In [15]:
#%pip install altair vega vega_datasets

## Visualization Project: Movie Recommendation System

#### Dataset: The Movies Dataset
This system uses the movies dataset (https://www.kaggle.com/datasets/rounakbanik/the-movies-dataset). It has metadata on over 45,000 movies. 26 million ratings from over 270,000 users.

#### Objective
The objective of this project is to build a movie recommendation system using the metadata of the movies dataset. The system will recommend movies with the appropriate visualizations based on the user's preferences.

In [1]:
import pandas as pd
import altair as alt
from ast import literal_eval
movies_metadata = pd.read_csv('./The_Movies_Dataset/movies_metadata.csv', low_memory=False)

In [2]:
movies_metadata_genres = movies_metadata[['id', 'title', 'genres']].copy()

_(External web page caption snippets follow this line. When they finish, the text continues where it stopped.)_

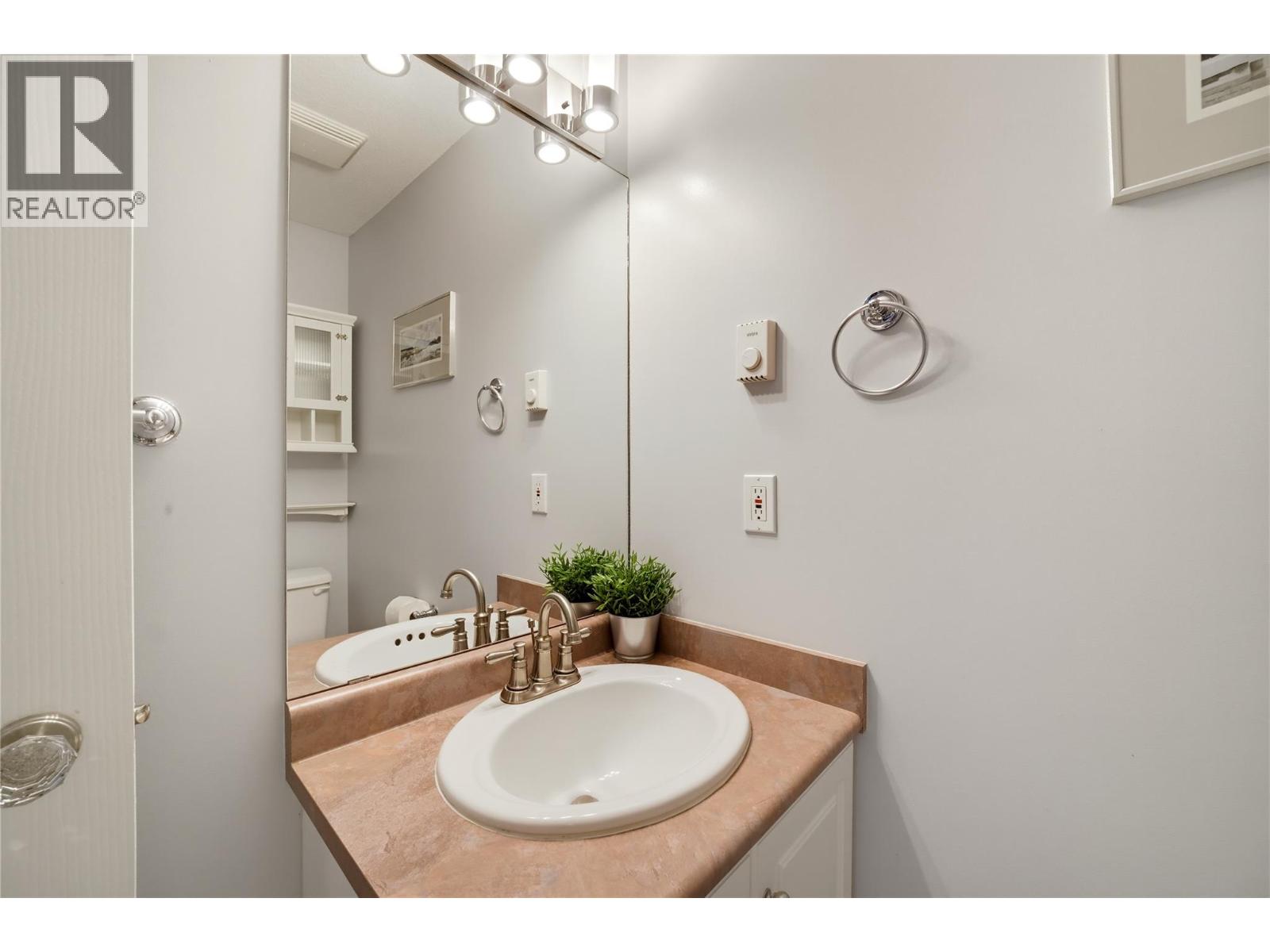 #114 1002 Riverside Avenue - 29
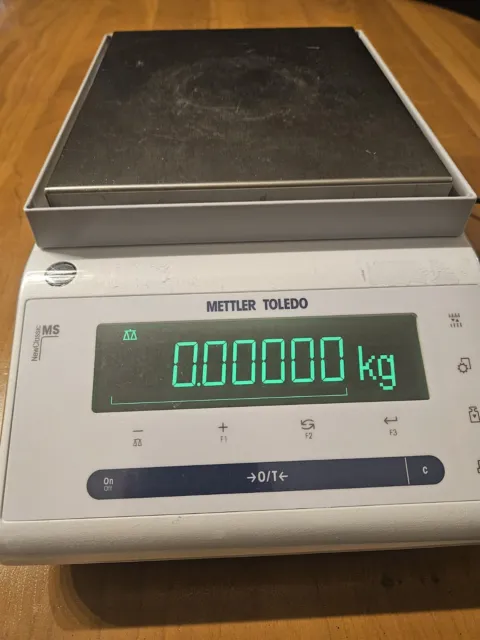 Mettler Toledo New Classic MF Balance / Scale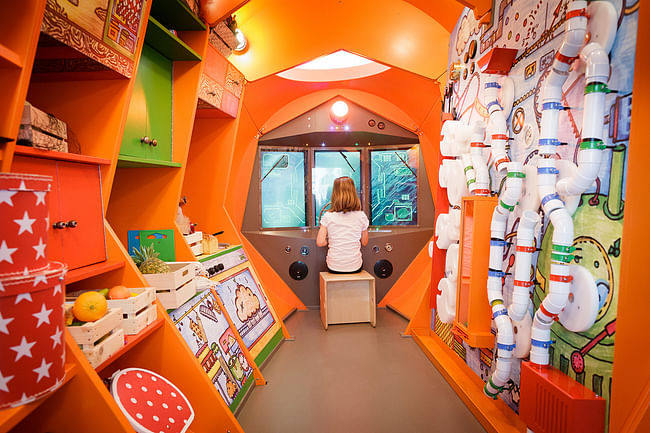 Interior Airplayship Ronald McDonald House at the Juliana's Children's Hospital, designed by Tinker imagineering. Photo credit: Fred Ernst. 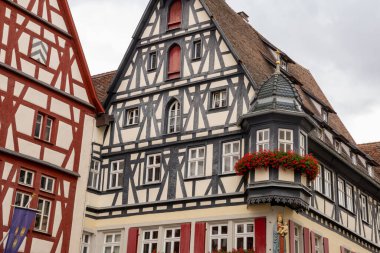 Marktplatz, Rothenburg ob der Tauber, Bavyera, Almanya 'da, Belediye Binası Kulesi, Rathaus ve Ratstrinkstube Saat Kulesi' nin yer aldığı, yarı ahşap evler, kaldırım taşı sokaklar ve dükkanlarla çevrili..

movies_metadata_genres['genres'] = (
    movies_metadata_genres['genres']
    .fillna('[]')
    .apply(literal_eval)
    .apply(lambda x: [i['name'] for i in x] if isinstance(x, list) else [])
)

movies_metadata_genres.head()

Unnamed: 0,id,title,genres
0,862,Toy Story,"[Animation, Comedy, Family]"
1,8844,Jumanji,"[Adventure, Fantasy, Family]"
2,15602,Grumpier Old Men,"[Romance, Comedy]"
3,31357,Waiting to Exhale,"[Comedy, Drama, Romance]"
4,11862,Father of the Bride Part II,[Comedy]


In [3]:
# Grouping by genres
genres = movies_metadata_genres.explode('genres')
genres = genres.groupby('genres').size().reset_index(name='count')
genres = genres.sort_values('count', ascending=False)
# calculate the percentage
genres['percentage'] = genres['count'] / genres['count'].sum() * 100

In [4]:
# plot a pie chart
alt.Chart(genres).mark_arc().encode(
    theta=alt.Theta(field='percentage', type='quantitative', stack=True),
    color=alt.Color(field='genres', type='nominal'),
    tooltip=[alt.Tooltip('genres', title='Genre'), alt.Tooltip('percentage', format='.2f', title='Percentage')]
).properties(
    title='Genres Distribution'
)